Positionality in research refers to the disclosure of how an author’s self-identifications, experiences, and privileges influence research methods. A statement of positionality in a research article or other publication can enhance the validity of its empirical data as well as its theoretical contribution. However, such self-disclosure puts scholars in a vulnerable position, and those most likely to reveal how their positionality shapes their research are women, ethnic minorities, or both. At this stage of the field’s methodological development, the burdens of positionality are being carried unevenly by a tiny minority of researchers. In this book, we spotlight a group of scholars from around the world who shaped the field of law and society through their intentional awareness of how their self-identifications, experiences of marginalization, and professional privileges influenced their research questions, design, methods, and writing about the law. The results of the challenging fieldwork that they conducted have been published elsewhere. In this book, they explain how their experiences of marginality and privilege shaped those influential contributions to the field of law and society.Footnote 1
The authors of the chapters that follow have conducted research on law and society in various places in Australia, China, Colombia, Egypt, India, Indonesia, Myanmar, the Netherlands, Singapore, Somalia and Somaliland, South Africa, South Sudan, Sudan, Taiwan, Thailand, the United Kingdom, the United States, and Vietnam. Their research changed them during their fieldwork and across decades-long careers. As they changed, they approached law and society research differently. They learned to embrace the hard places – both inside and outside – that their research took them, and the surprises that they found in the law, including in the ways it sometimes changes society and sometimes does not. Their experiences are an invitation to all law and society scholars to consider the hard places that we have come from and gone to and how those places have shaped the meanings that we give to the law, how we study the law, and our understanding of law’s claims to authority. The authors explain how they work through contradictory ideas, identities, and impulses, and in so doing they challenge the pull toward disciplinary assimilation in law and the social sciences.

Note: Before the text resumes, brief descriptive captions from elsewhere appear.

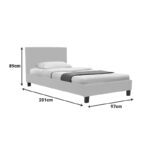 Κρεβάτι Nevil pakoworld ύφασμα εκρού με ξύλινο μαύρο πόδι 90x190εκ - Image 5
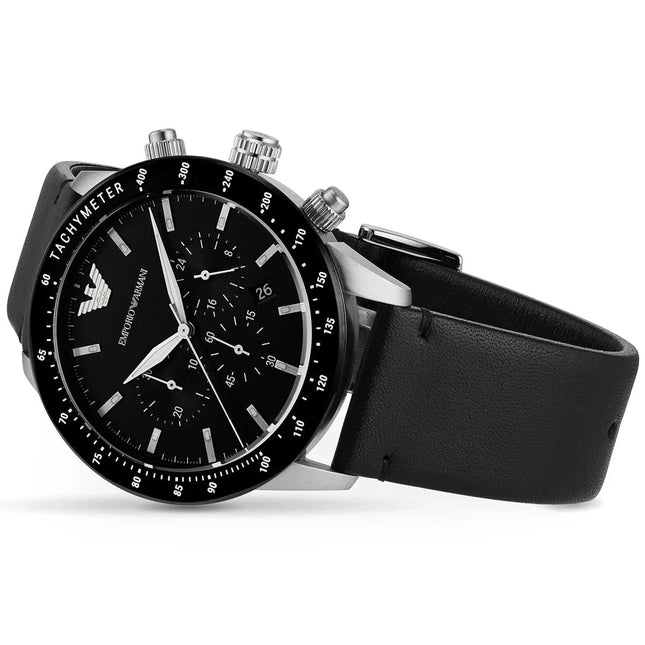 Emporio Armani AR11243 Mario Men's Silver & Black Watch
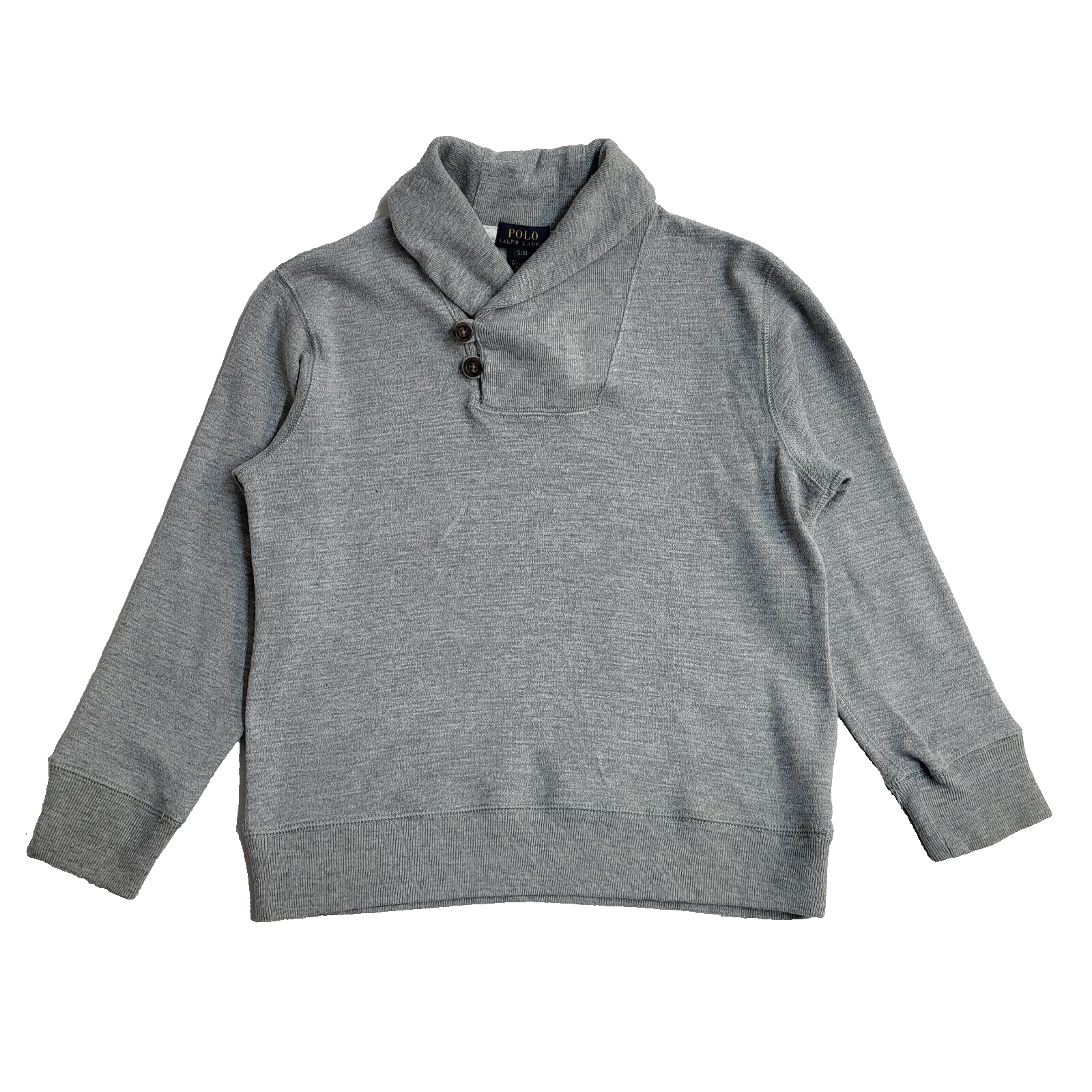 Polo Ralph Lauren Y2K Grey Button Long Sleeve Sweatshirt Boy's S Age 8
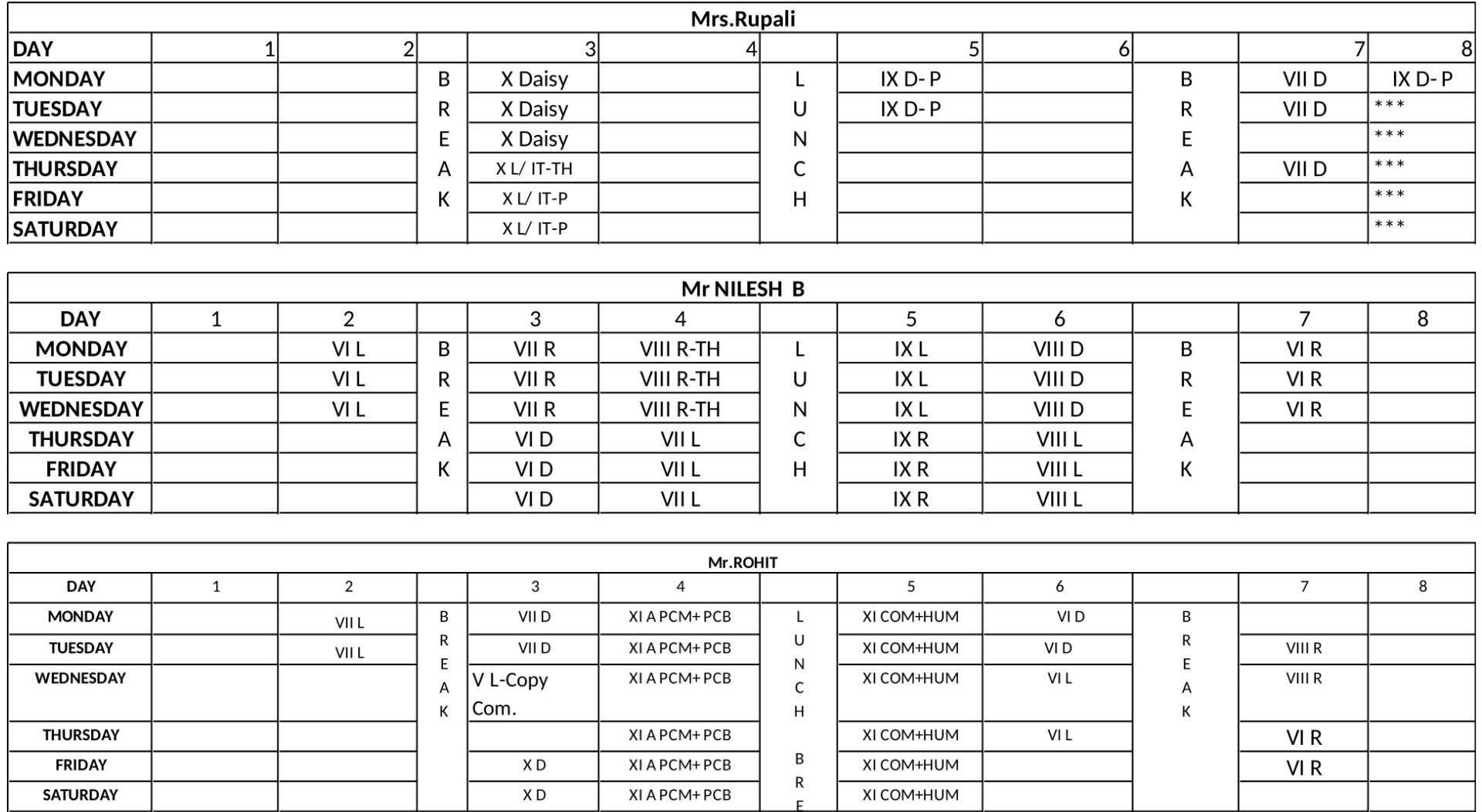 Time Table 2025-26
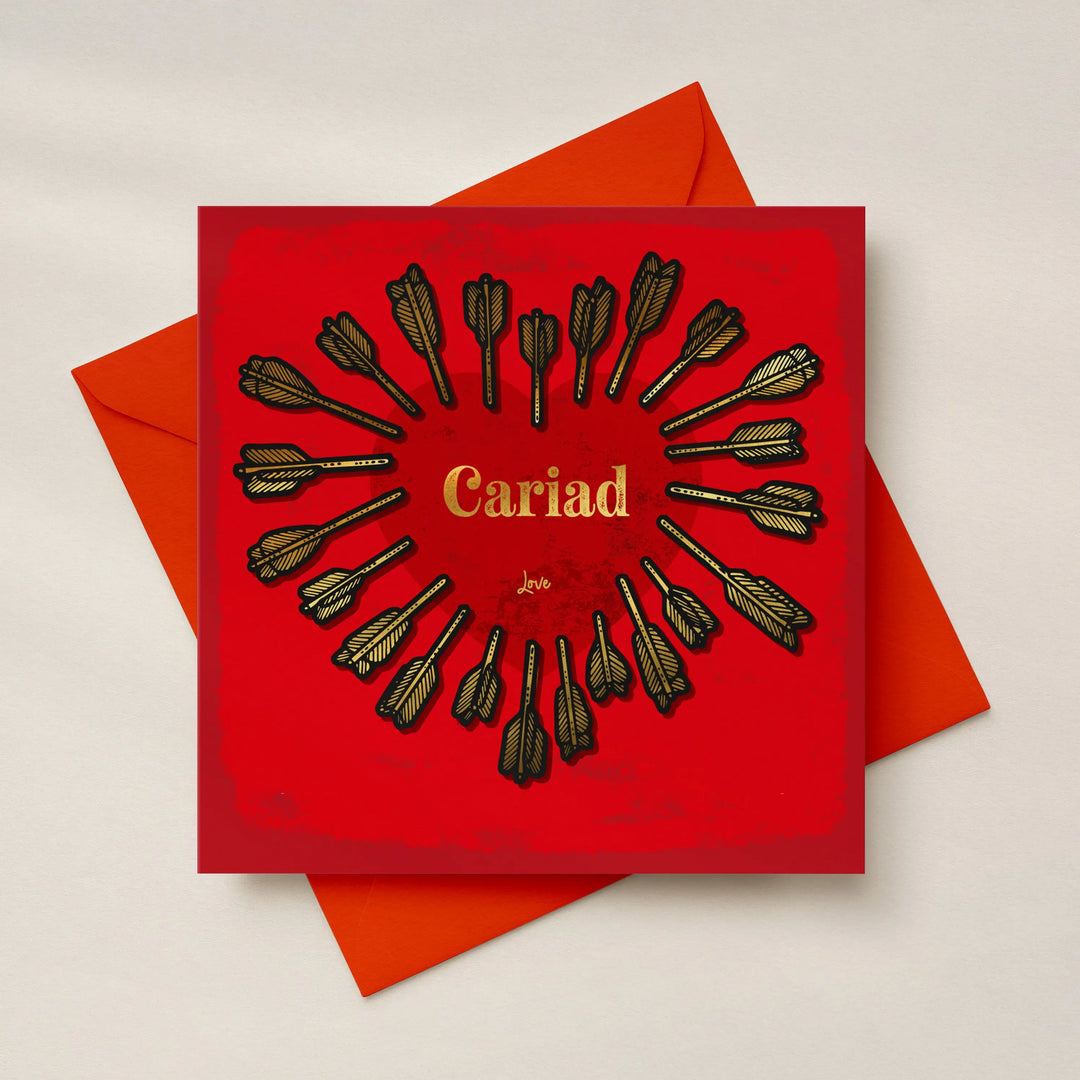 Cariad - Welsh Love Bilingual Welsh Love Card Gold Foil Detail Sweary Card Lady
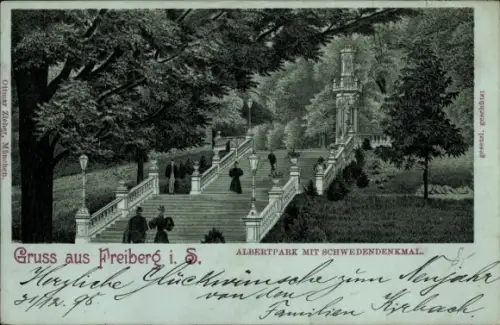 Mondschein Litho Freiberg in Sachsen, Albertpark mit Schwedendenkmal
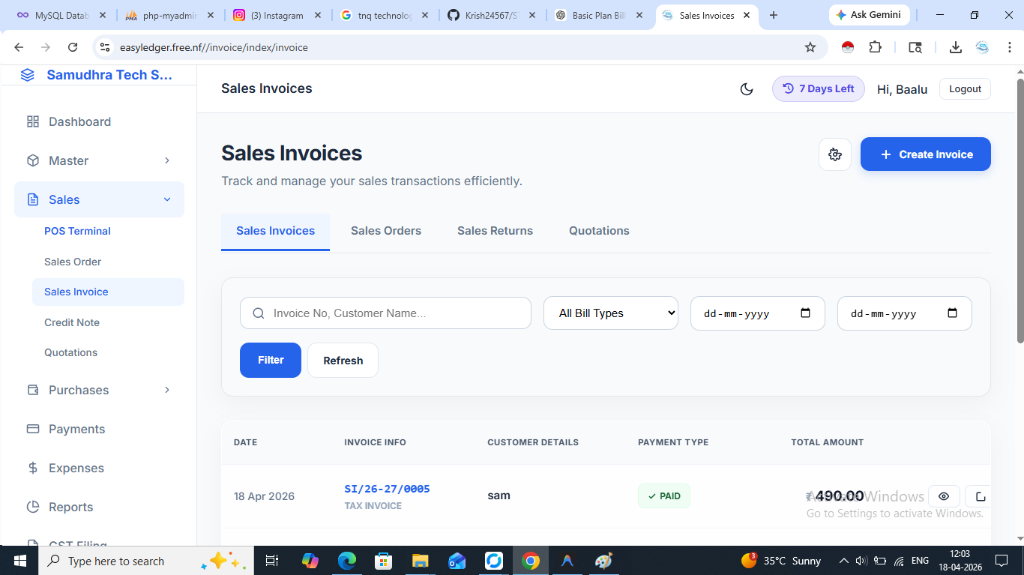 Sales Invoices Listing - Samudhra Billing Software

In researching and writing this book we learned about the importance of embracing confusion – as well as our conditional and out-of-place identities – especially in places where absolutes seem most efficient or required. Legal research and social science scholarship both traditionally rejected the aphorism that what one sees depends on where one sits. But the scholars in this book specify where they sit precisely to share what and how they see. They show that life at the margins of a place or a disciplinary field – an “out of place” positionality – allows them to see what those at the center may not see. They are outsiders looking in, bringing fresh ideas from their fieldwork in different political contexts. This cultural turn – a subjective turn – has taken place in legal scholarship, journalism, and across the social sciences. It has created space for authors to reflect on themselves and, for some of them, to insert themselves, their backgrounds, and their experiences into their work. They are methodologically self-conscious, bridging rigorous empirical analysis and a commitment to justice. And when law and society scholars do this, they are transforming the field.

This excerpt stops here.